Bevacizumab (Avastin®)
Bevacizumav was first FDA approved to treat advanced CRC when used in combination with a chemotherapy regimen called IFL. Subsequently, in light of studies showing superior efficacy and tolerability compared with IFL, another chemotherapy regimen, FOLFIRIa, became the preferred irinotecan-based regimen to use with bevacizumab.
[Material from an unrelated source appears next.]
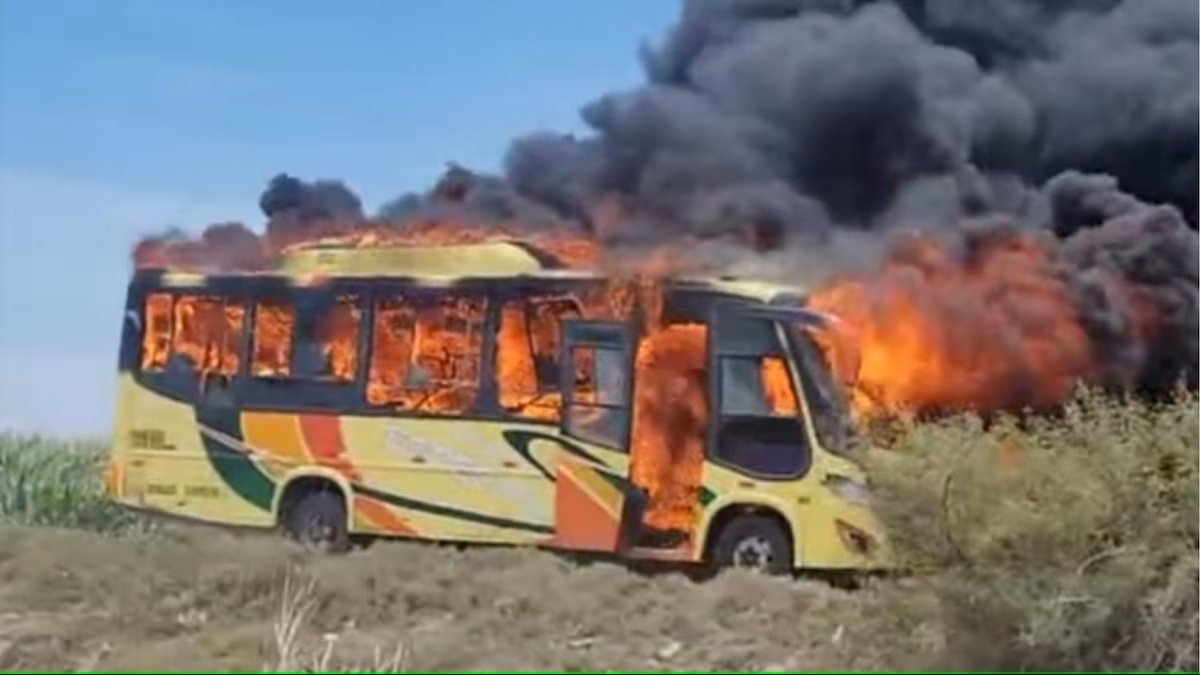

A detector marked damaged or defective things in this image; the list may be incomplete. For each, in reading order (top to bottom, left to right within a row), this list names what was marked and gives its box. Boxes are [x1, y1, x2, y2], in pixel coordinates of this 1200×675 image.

More recently, two large clinical trials showed that bevacizumab also prolongs the time patients live without their disease getting worse—called progression-free survival (PFS)—when added to platinum-based chemotherapy. The first study in relapsed CRC showed that the addition of bevacizumab to FOLFOX4b chemotherapy increased median PFS by about 2.5 months.2 In the second study, patients received either FOLFOX4 or XELOXc plus BV or placebo.3
While the addition of bevacizumab to the platinum-based regimens improved PFS, a substantial proportion of patients developed nerve toxicity from the platinum chemotherapy and dropped out of the study. For patients who remained on treatment, there was a continued PFS benefit in the bevacizumab arm: 10.4 months for bevacizumab plus chemotherapy compared with 7.9 months for chemotherapy plus placebo.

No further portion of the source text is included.